- _Records shown_
————————

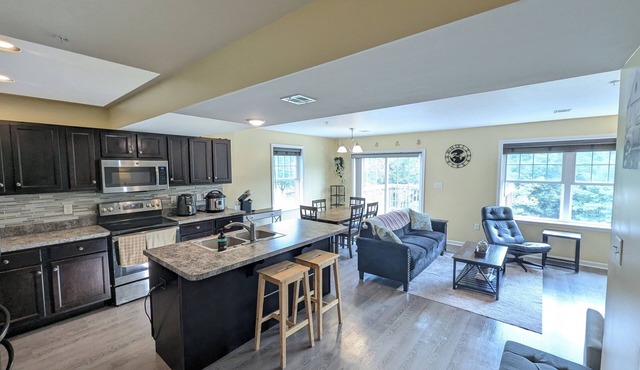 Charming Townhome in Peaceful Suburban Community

————————

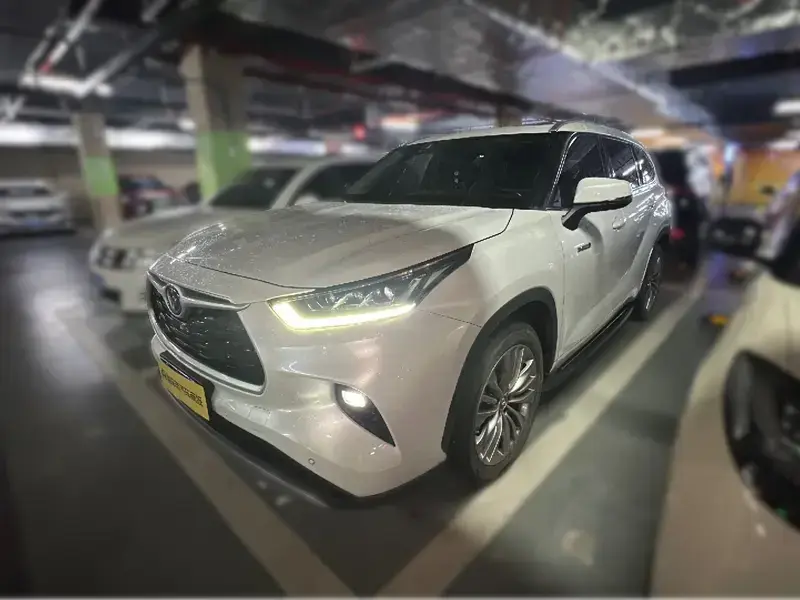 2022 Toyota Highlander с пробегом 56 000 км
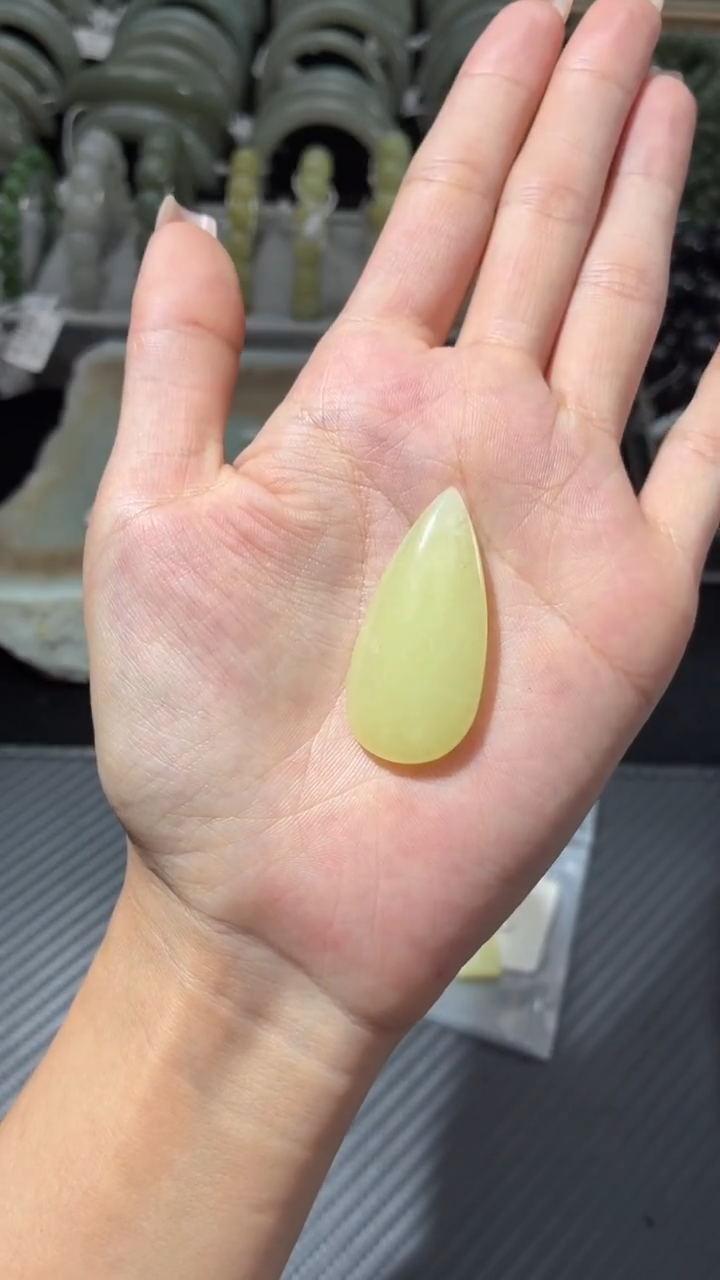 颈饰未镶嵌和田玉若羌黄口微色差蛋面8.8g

————————

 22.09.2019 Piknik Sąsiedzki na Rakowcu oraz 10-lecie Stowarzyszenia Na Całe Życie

————————

- _Exercise_
Please repeat, exactly as written, the lines in the records above, starting with the one that has "2022 Toyota Highlander с пробегом 56 000 км" and going on through the one that has "颈饰未镶嵌和田玉若羌黄口微色差蛋面8.8g". Pictures are to be left out.

- _Exercise solution_
 2022 Toyota Highlander с пробегом 56 000 км
 颈饰未镶嵌和田玉若羌黄口微色差蛋面8.8g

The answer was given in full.